La condotta illecita tenuta dal dipendente in ese­cuzione di un ordine impartito da un superiore ge­rarchico non vale a far venire meno la giusta causa di licenziamento, se il lavoratore era in grado di comprendere l'illegittimità dell’ordine ricevuto. Infat­ti, nel rapporto di lavoro non è applicabile la causa di giustificazione di cui all'art. 51 c.p. (divieto di sinda­care e di disobbedire agli ordini della pubblica auto­rità) perché manca un potere di supremazia, inteso in senso pubblicistico, del superiore riconosciuto dalla legge.

Il caso oggetto della pronuncia in commento riguarda il licenziamento per giusta causa intimato da una Società ad un proprio dipendente che, eseguendo un ordine ri­cevuto dal proprio superiore gerarchico, aveva contabi­lizzato nel sistema informatico aziendale l'esecuzione di

lavori in realtà mai eseguiti.

La Corte d‘Appello ha ritenuto illegittimo il licenziamento, ritenendo esclusa la sussistenza del dolo e del­la colpa nella condotta del dipendente, che si era limita­to ad eseguire gli ordini impartitigli dal superiore ge­rarchico in occasione di una riunione aperta a tutti gli addetti al reparto.
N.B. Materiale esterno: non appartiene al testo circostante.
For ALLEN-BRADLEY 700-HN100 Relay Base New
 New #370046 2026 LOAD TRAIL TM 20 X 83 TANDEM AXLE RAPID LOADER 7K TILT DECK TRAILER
Il licenziamento, ad avviso della Cor­te territoriale, era quindi privo del requisito della giusta causa, sicché la società datrice di lavoro veniva condan­nata a reintegrare il lavoratore e a risarcirgli il danno.

La Corte di Cassazione ha osservato che l'ese­cuzione di un ordine illegittimo impartito dal superiore gerarchico non basta di per sé ad impedire la configurabilità di una giusta causa di licenziamento, non trovan­do applicazione nel rapporto di lavoro privato l'art. 51 c.p. ("Esercizio di un diritto 0 adempimento di un dove­re"), che esclude la punibilità del comportamento illegit­timo.

Ricorda infatti la Corte che, «secondo un risalente a ancora valido indirizzo della giurisprudenza di le­gittimità, la scriminante di cui all’art. 51 c.p. trova la sua giustificazione nel divieto imposto ai cittadini di sindacare le norme giuridiche e di disubbidire agli ordi­ni legittimi della pubblica autorità, considera non puni­bili i fatti preveduti dalla legge come reati, se siano commessi per adempiere a un dovere derivante da tali norme ed ordini.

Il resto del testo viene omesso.